▸ **WHAT THE EXERCISE ASKS**: Scan the entries line by line and return those with "Court".

Data records
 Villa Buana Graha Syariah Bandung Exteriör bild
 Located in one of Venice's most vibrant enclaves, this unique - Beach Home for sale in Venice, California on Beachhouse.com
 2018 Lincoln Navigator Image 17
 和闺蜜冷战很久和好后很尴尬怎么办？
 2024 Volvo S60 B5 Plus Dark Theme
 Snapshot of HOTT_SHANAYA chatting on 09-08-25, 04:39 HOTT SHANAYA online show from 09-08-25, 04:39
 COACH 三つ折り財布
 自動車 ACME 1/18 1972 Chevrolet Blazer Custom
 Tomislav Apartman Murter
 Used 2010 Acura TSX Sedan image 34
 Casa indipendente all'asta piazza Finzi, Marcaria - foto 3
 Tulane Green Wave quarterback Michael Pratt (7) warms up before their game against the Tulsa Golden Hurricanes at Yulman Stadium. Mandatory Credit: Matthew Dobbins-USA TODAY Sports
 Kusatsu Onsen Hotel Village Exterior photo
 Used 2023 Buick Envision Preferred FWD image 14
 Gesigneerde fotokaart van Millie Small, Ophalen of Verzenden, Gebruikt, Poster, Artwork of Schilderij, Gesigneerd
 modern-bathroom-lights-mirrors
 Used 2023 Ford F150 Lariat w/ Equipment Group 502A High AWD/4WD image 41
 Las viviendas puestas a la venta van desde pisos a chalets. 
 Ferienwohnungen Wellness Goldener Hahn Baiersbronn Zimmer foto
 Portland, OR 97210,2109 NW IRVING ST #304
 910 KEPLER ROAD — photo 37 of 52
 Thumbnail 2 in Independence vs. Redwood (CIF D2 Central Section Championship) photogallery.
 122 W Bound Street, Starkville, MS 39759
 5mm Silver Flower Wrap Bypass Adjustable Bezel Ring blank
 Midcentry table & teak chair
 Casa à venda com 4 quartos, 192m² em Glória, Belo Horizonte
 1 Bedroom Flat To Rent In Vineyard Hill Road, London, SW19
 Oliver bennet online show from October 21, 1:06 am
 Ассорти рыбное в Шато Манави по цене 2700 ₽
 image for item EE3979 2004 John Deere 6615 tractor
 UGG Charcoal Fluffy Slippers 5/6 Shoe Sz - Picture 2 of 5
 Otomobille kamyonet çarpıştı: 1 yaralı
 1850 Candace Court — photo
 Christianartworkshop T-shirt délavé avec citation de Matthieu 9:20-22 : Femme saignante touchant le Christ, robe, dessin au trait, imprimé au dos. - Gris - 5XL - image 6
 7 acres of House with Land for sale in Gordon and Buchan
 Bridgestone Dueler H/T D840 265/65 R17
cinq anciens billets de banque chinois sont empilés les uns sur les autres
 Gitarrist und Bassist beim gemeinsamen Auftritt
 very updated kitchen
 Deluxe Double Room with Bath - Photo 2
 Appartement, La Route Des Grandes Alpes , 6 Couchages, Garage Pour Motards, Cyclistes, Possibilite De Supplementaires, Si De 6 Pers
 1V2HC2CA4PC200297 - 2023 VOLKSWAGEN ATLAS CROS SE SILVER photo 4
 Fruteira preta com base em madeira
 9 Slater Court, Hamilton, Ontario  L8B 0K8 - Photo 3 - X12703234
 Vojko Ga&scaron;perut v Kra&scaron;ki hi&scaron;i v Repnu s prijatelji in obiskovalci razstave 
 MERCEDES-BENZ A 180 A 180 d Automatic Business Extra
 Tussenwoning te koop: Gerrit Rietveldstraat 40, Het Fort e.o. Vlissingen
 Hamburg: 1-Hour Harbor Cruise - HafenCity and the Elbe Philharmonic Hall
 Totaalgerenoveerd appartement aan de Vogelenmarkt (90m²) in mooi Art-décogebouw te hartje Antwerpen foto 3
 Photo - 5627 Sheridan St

▸ **TASK ANSWER**:
 1850 Candace Court — photo
 9 Slater Court, Hamilton, Ontario  L8B 0K8 - Photo 3 - X12703234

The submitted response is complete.